- WHAT NEEDS TO BE DONE:
Using the listing below, output only the lines from the one that contains "Monedas Franco: *" through the one that contains "SHEIN Tween女孩巧克力棕色拼接長袖上衣與長褲套裝 優雅褲裝套裝", inclusive, exactly as given and without images.

***** RECORDS SUPPLIED *****

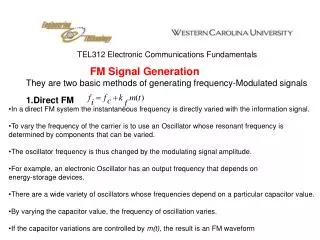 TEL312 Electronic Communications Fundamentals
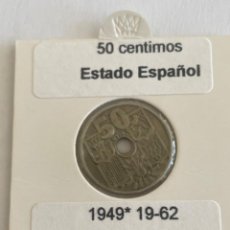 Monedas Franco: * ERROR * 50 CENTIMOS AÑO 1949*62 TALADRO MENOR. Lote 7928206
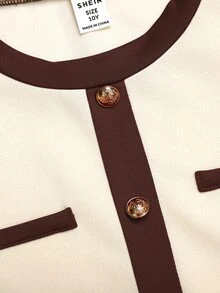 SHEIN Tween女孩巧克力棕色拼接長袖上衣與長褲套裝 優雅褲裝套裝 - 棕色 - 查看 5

*****
***** RECORDS SUPPLIED *****

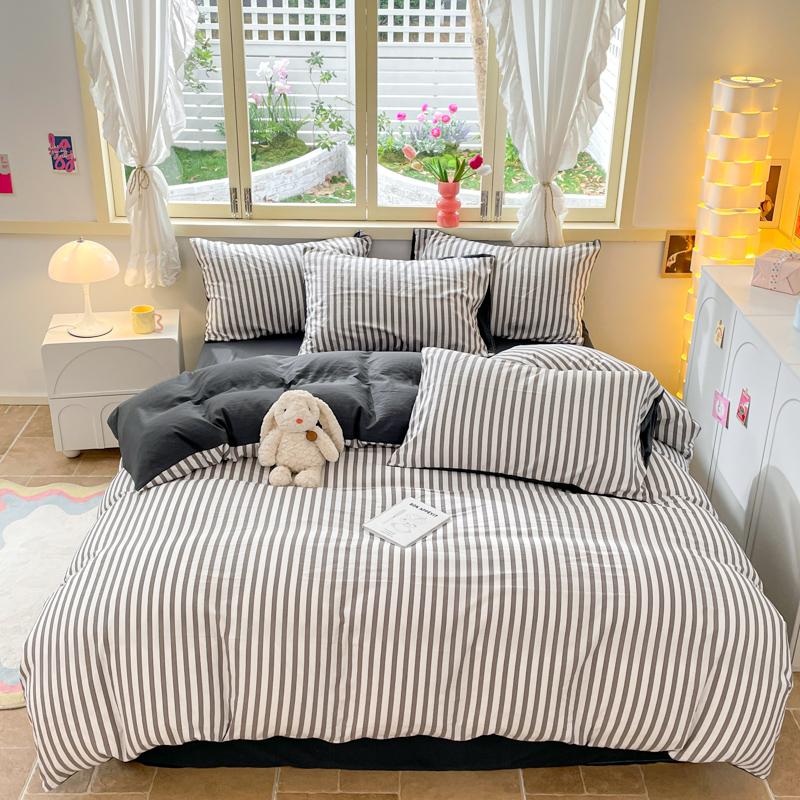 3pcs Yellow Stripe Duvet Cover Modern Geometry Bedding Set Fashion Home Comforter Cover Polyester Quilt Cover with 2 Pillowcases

*****
***** RECORDS SUPPLIED *****

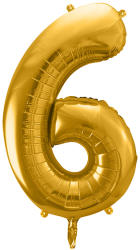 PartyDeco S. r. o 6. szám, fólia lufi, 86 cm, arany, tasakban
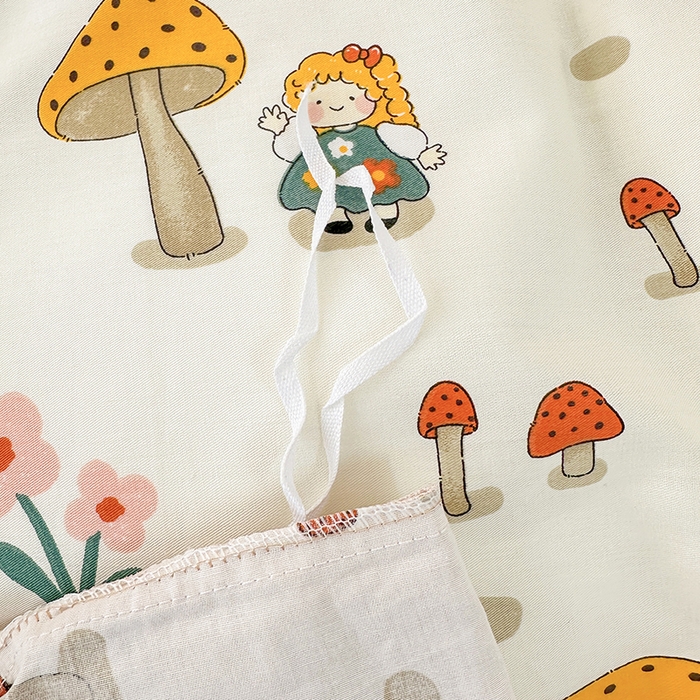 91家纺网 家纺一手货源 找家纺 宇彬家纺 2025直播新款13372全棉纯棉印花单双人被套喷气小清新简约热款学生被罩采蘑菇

*****

- ANSWER TO THE EXERCISE:
 Monedas Franco: * ERROR * 50 CENTIMOS AÑO 1949*62 TALADRO MENOR. Lote 7928206
 SHEIN Tween女孩巧克力棕色拼接長袖上衣與長褲套裝 優雅褲裝套裝 - 棕色 - 查看 5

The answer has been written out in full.